Join Patrick Royal for an in-depth discussion in this video What you need to know, part of Learning MATLAB.
Up and running with MATLAB is designed to be an introductory course and the MATLAB programming language itself is a high level program language. So you don't need decades of experience working with computer languages to understand the topics we'll cover here. What you should have, though, is a basic understanding of what computer programming is and the basic concepts upon which it is based. We will cover the following computational topics in this course. Variable assignment and manipulation. For and while loops. Conditional statements.

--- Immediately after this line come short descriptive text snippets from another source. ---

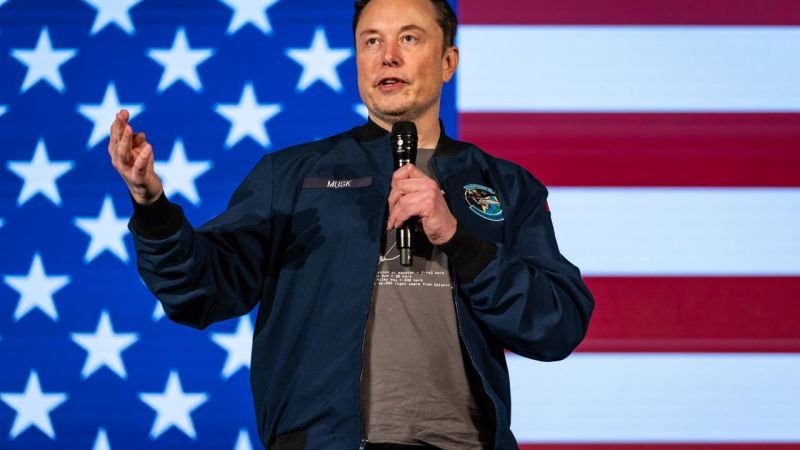 Elon Musk: Conoce al magnate detrás de SpaceX, Tesla y X, símbolo de la nueva ultraderecha.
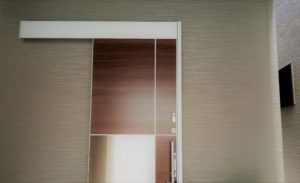 狭小住宅の玄関に引き戸はマスト。「和」を思い、魅力を目一杯伝える記事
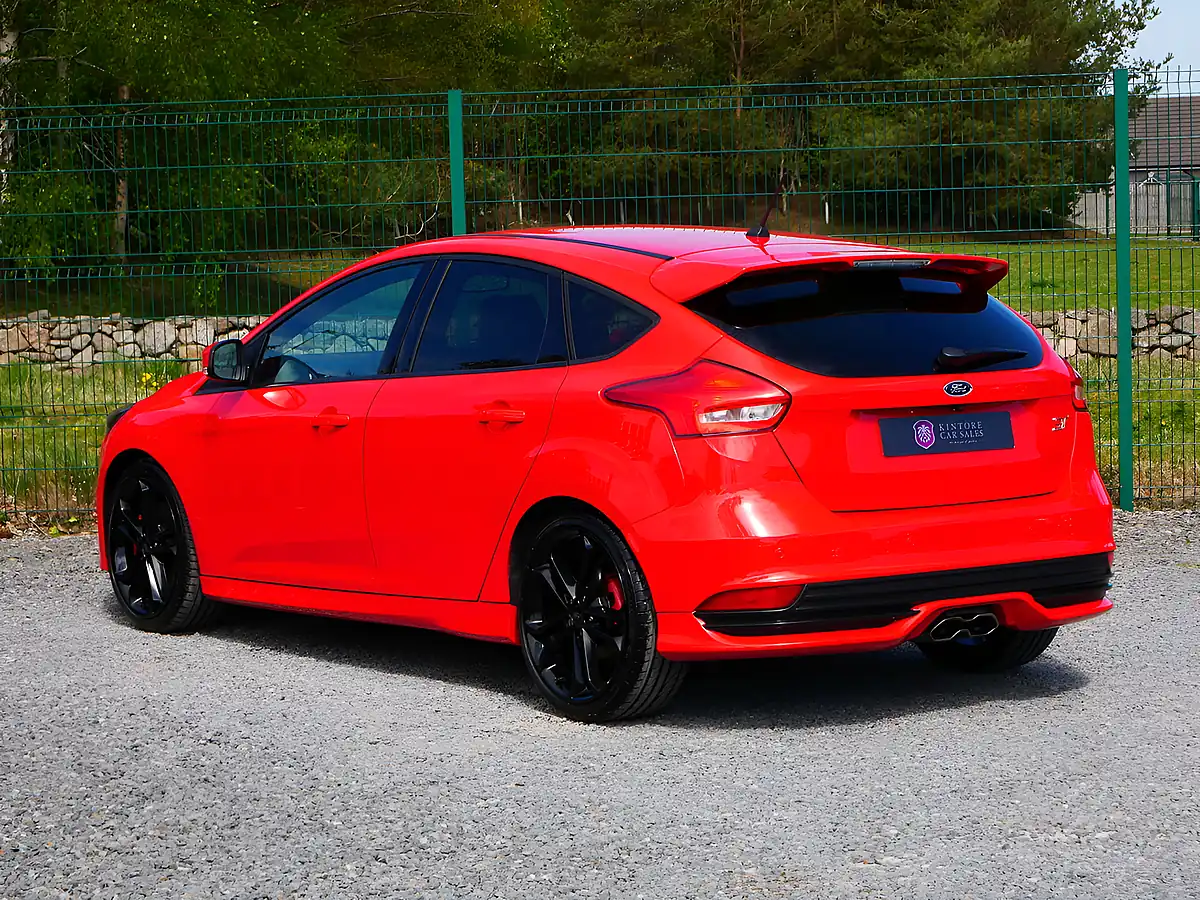 Used 2017 Ford Focus ST-3 Race Red - Interior and Exterior details 9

Pause, break, and other control flow commands. And, functions and arguments. If you need a refresher on any of these concepts, I recommend you check out the Foundations of Programming Fundamentals course on lynda.com. If you are comfortable with most or all of the concepts presented therein, then you should have no trouble following along with this course. The other prerequisites for this course, are not so much requirements for taking course as motivations. MATLAB is a technical language specifically built around matrix manipulation.
Indeed, the very name is short for matrix laboratory. The applications of this software are numerous and varied from analysis of financial data to image processing. For the purposes of this course, I'll avoid putting too much focus on the applications, but the examples will involve analyzing financial data for summary statistics, such as mean, median, and T-tests. If you're not quite sure what these terms mean, one of the best resources is actually MATLAB itself. Anytime I go over a command, you can get details on what the command is and why it's significant by typing Help, followed by the command name into the Command window.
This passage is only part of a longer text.